Le fils comme le père gardent dans leurs souvenirs celui d’une séquence souvent difficile, au cours surtout des années 1970 – le numéro de septembre 1968 (plus haut évoqué) n’accusait pas encore le coup de ces évolutions -, dans laquelle l’écriture de la revue était entrée dans un certain hermétisme, comme d’ailleurs beaucoup d’autres de la même époque, Tel Quel, Change, Les Cahiers du Cinéma, Cinétique, etc. Le souvenir est bien celui-là, mais son appréciation varie entre les deux lecteurs. Le fils faisait encore à cette époque ses dents conceptuelles, et il trouvait probablement ses délices à voleter dans l’éther ; le père, en revanche, n’en était plus à ces apprentissages, et il était peut-être aussi plus réticent à l’égard des courants politiques – pro-chinois en particulier – qui traversaient la littérature théorique de cette époque.

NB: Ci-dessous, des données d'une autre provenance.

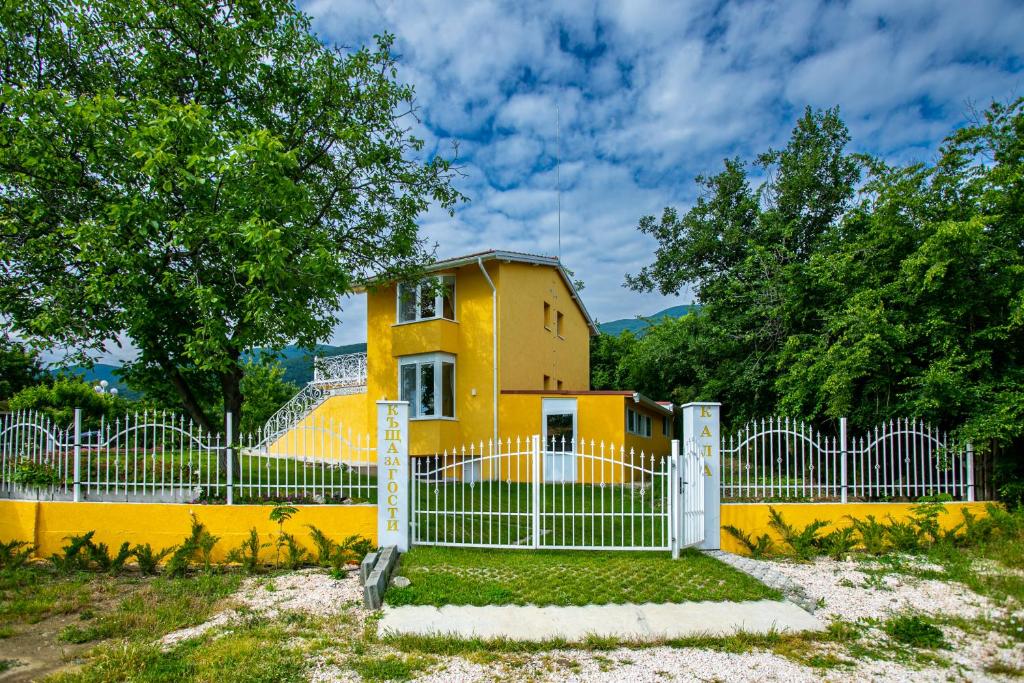 a yellow house with a fence in front of it at Къща за гости Кала in Patalenitsa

Avec le recul du temps, on peut cependant essayer de comprendre cette période comme celle d’un scientisme appelé par l’exigence d’une double démarcation des sciences de l’Homme par rapport à la tradition philosophique et à l’héritage des humanités classiques. Il fallait faire plus dur que les durs, formaliser, schématiser.

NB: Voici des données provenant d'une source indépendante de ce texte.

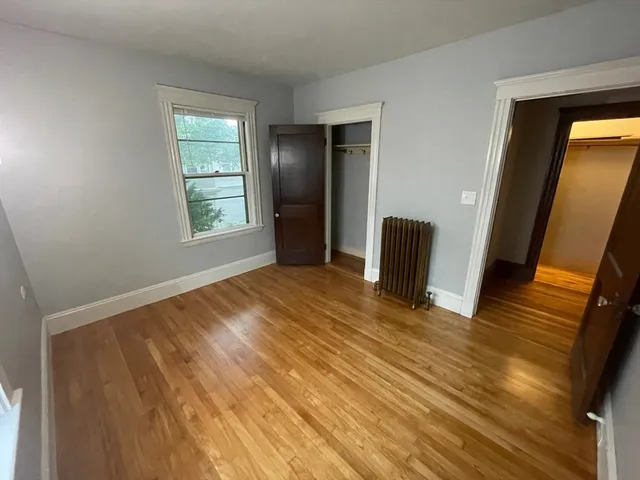a view of an empty room and wooden floor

Le fils, occupé dans ces dernières années par l’inventaire des archives de Louis Marin – membre très actif de Critique dans les années 70 et 80 -, se pose également une autre question : bon nombre sont les œuvres les plus engagées sur le terrain sémiologique puis sémiotique dans ces années à être devenues, sur un second versant de leur trajectoire, des œuvres littéraires. Ou pour le dire autrement en reprenant les termes de Roland Barthes lui-même, nombreux sont les « écrivants » dans le champ sémiologique à être devenus des écrivains : Barthes, Umberto Eco, Louis Marin lui-même dans l’évolution d’un style d’écriture – et nous pourrions en trouver beaucoup d’autres, Hubert Damisch par exemple, dans les dernières années de sa vie, ou Gérard Genette. On a souvent donné, dans la dernière décennie du XXsiècle, une interprétation anti-moderne de ces évolutions, en faisant de ces tournants littéraires la marque d’un abandon du scientisme des « années structuralistes ».

 

 

Mais ne peut-on pas tout à l’inverse proposer – passant ici du constat à l’hypothèse – que l’écriture, dans l’essence de son geste, ou pourrait-on dire dans le tracé du signe, portait d’emblée l’entreprise sémiologique au cœur de la littérature dans ses transparences et ses opacités – voir dans ses hermétismes. On pourrait proposer une autre lecture, non pas seulement de ces évolutions, mais aussi de l’époque « scientiste » elle-même, dans ses schémas, ses figures, ses dessins (si nombreux dans les manuscrits de Louis Marin, mais aussi dans ceux de Damisch). Bref, on pourrait ressaisir l’aventure sémiologique comme un ars scribendi, dont les cinquante dernières années auraient fait apparaître successivement et simultanément les multiples traits.

 

Plus jésuite que le père, le fils s’efforce ici de sauver les concettismi de cette époque.

 

Cela reste peut-être cependant un différend entre les deux lecteurs, le plus jeune n’ayant pas connu la revue antérieure à 1968 et ne mesurant peut-être pas quel avait pu être le sentiment d’un obscurcissement dans la période ultérieure.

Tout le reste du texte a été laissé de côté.